“The best brands become verbs,” according to Uber CEO Dara Khosrowshahi.
It’s a simple statement—but stop and think about it for a moment.
There are only a few organizations or products that transcend their grammatical titles and are able to be included in a sentence like this:
Can you think of the others? Tinder? Facetime? Skype?
The point is: these products and services are intertwined so closely with our daily lives, they have become a part of our language. Google is already in the Oxford English Dictionary as a verb...Uber could be next.
Uber exploded onto the transportation scene a decade ago and disrupted how the world commuted. Since its inception, industries across the planet have been ‘Uberfied.’
From hotel rooms to groceries, to private jets, Uber inspired the world to provide more convenient and affordable services for everyone.
Of all the services undergoing change, the most hotly contested sector is likely restaurant food delivery. There are several major international players, including Uber’s own Uber Eats, and numerous regional niche players.
As it currently stands, there is a war raging for consumer consideration.
Competition on the food delivery battlefield is fierce. You need an ally watching your back.
Marketing teams within these industries are pressed to innovate and refine scalable tactics to drive value. Content needs to be curated and created, but it also must reach the right audience with the strategy and speed to ensure it remains relevant.
It was this need for a quick and versatile ally that brought Uber Eats and #paid together.
“For us, it’s all about delivering the biggest possible impact on the business. #paid’s promise of a cost-effective platform that would massively cut down the time to launch, administer, and scale influencer campaigns got our attention. In the hunt for step-changes, it was an opportunity we couldn’t ignore.”
— Britt Doll, Sr. Marketing Manager.
When the time came to combine forces, #paid’s direct-to-consumer platform caught the attention of Uber’s marketing team. The platform provided the technology to quickly match Uber with creators who were passionate about their brand. Unlike influencers, creators can leverage meaningful connections with the right audience and drive Return on Advertising Spend (ROAS).
“Creating a solution for the DTC market was a critical step in the evolution of #paid. Creators are perfectly suited to serving the needs of lean marketing teams that are digitally savvy and obsessed with optimizing their return on ad spend (ROAS). We couldn’t have been happier when Uber Eats expressed interest in being one of our first customers to trial the solution”
— Phil Jacobson
Testing the DTC Platform
In order to get a feel for the #paid platform, Uber Eats cooked up a delicious campaign to promote quick delivery times and their partnership with McDonald’s.
How does an organization prove they are the fastest and most reliable food delivery service? Well...delivering the ice-cream McFlurry during the hottest months of the summer is a bold start.
With the help of #paid Creators, Uber Eats coordinated a detailed campaign to take care of the heavy lifting. That way, Uber Eats could focus on what they do best: seamless food delivery.

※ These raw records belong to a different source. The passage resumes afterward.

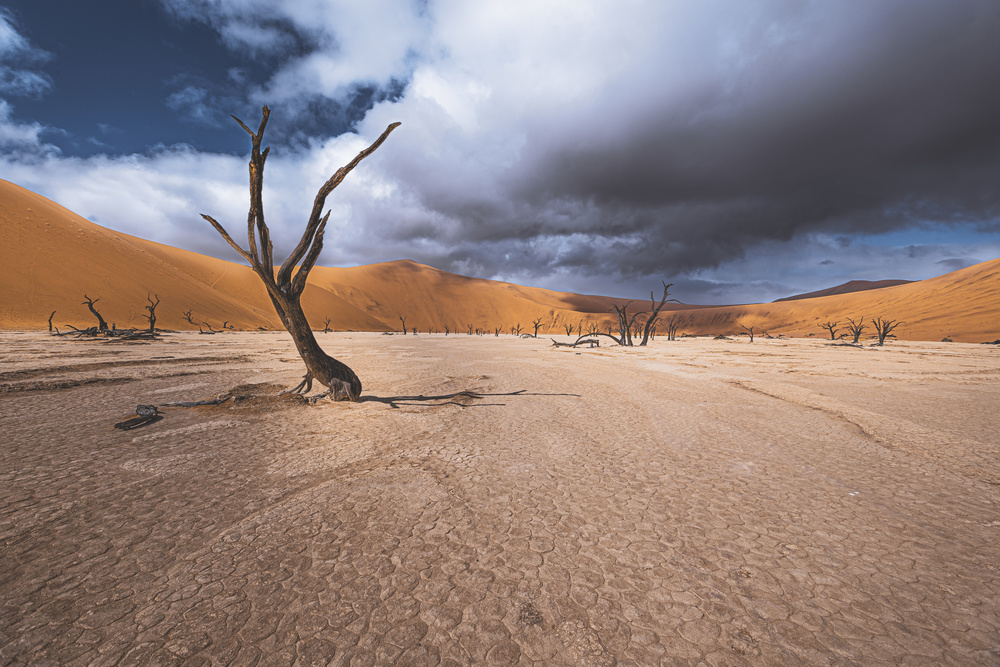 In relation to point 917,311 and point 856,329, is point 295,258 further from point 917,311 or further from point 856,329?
point 917,311

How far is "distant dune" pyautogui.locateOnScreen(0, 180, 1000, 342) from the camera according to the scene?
3494 cm

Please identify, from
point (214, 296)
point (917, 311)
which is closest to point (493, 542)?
point (214, 296)

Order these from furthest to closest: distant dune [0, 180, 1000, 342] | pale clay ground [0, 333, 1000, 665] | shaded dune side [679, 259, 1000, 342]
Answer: shaded dune side [679, 259, 1000, 342], distant dune [0, 180, 1000, 342], pale clay ground [0, 333, 1000, 665]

How long do you think it took for Uber Eats to plan their #paid campaign? A couple of days? Maybe a couple of weeks or even months? A campaign like this could easily take that long or longer without the streamlining and automation of the #paid platform.

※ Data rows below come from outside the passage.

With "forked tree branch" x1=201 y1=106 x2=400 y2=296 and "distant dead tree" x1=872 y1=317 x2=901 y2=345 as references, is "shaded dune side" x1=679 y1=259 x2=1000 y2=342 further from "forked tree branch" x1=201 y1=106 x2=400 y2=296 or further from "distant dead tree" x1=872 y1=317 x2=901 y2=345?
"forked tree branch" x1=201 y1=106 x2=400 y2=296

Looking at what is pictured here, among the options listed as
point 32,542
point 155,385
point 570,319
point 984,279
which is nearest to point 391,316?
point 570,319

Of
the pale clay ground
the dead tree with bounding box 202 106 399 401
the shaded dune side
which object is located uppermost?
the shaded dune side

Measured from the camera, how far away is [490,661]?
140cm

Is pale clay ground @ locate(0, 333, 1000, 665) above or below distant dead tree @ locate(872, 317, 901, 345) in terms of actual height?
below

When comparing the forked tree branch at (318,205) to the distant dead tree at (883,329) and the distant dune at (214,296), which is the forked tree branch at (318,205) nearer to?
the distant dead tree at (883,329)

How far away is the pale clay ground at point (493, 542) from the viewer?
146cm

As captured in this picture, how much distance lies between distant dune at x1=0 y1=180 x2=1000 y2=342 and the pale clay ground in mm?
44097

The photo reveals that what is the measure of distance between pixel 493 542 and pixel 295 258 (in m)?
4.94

“We launched a campaign in under 10 minutes and [in no time at all] got to choose from an authentic roster of creators that were a perfect fit for our brand.”
The quick launch time and strong brand-creator fit was made possible by #paid’s Campaign Launch Tool and its creator Handraise technology.

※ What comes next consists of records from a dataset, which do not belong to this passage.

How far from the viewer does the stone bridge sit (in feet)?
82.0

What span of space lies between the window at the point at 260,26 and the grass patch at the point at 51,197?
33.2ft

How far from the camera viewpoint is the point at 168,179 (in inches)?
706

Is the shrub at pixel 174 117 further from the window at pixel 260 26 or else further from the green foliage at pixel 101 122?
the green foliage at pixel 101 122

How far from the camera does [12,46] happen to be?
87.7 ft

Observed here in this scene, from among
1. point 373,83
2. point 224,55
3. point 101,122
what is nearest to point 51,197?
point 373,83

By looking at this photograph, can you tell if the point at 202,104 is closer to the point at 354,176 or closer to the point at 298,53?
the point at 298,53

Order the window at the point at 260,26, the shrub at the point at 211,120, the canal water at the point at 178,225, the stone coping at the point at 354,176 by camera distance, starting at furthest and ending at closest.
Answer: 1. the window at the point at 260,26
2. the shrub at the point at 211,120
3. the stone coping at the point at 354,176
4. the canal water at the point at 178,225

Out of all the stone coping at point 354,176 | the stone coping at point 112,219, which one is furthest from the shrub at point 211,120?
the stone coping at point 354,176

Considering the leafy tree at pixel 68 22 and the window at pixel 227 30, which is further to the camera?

Using the Campaign Launch Tool, the Uber Eats team inputted their campaign parameters in ten minutes or less. From location and budget data to more detailed information such as their brand guidelines, everything important was covered in the brief.
Once the information was inputted into the system, the Creator Handraise Algorithm worked its magic and searched #paid’s creator network. The algorithm identified creators who matched with the desired aesthetic, tone and content categories Uber Eats was looking for.
Most importantly, these creators were fans of the brand and were invited to describe their creative vision for the campaign. In the case of Uber Eats, that meant matching the brand with food, fashion, and lifestyle creators who regularly used Uber Eats and also enjoyed McDonald’s.
In addition, the seamless automation of workflow combined with access to a dedicated Customer Success Manager helped ensure smooth product delivery and testing for the tech giant.
With a diverse roster of creators built for Uber Eats, the organic phase of the campaign was launched. Creators produced and submitted dynamic content to the Uber Eats team, who were able to quickly review and approve submissions with a click of a button.
Once creators shared the content with their followers, we enabled Paid Social Whitelisting—a feature that allows brands to run their creator content directly through the creator’s handle.
This is a feature unique to #paid and has converted 3x better than ads running through brand handles. In fact, brands can push creator content right into Facebook ad manager from #paid, another level of integration that benefits the client tremendously.
That’s just one of the many secrets to driving better ROAS. Well, it’s not a secret anymore.
Best of all, thanks to the automation of all key campaign management tasks such as payments and rights management, the project was accomplished with minimal need for input from the team at Uber Eats.
“Oftentimes managing these things take up so much time. You find yourself writing 5 emails to get something simple solved with agencies. With #paid it takes minutes. I never worried about anything. #paid makes everything so easy.”
The campaign was a major win for Uber Eats. It set a high bar on the battlefield for food delivery supremacy as competitors were forced to take notice.
The 37 pieces of unique content that were produced during the campaign resulted in more than 1.5 million impressions. This drove “an increase in both downloads and orders” during the campaign according to Britt Doll.
From a partnership standpoint—a major area of importance in the food delivery business—the campaign was also hugely successful said Doll,
“McDonald’s loved the content and how it showed different ways you could enjoy the Mcflurry. Having creators from different categories like lifestyle and fashion made the campaign really stand out.”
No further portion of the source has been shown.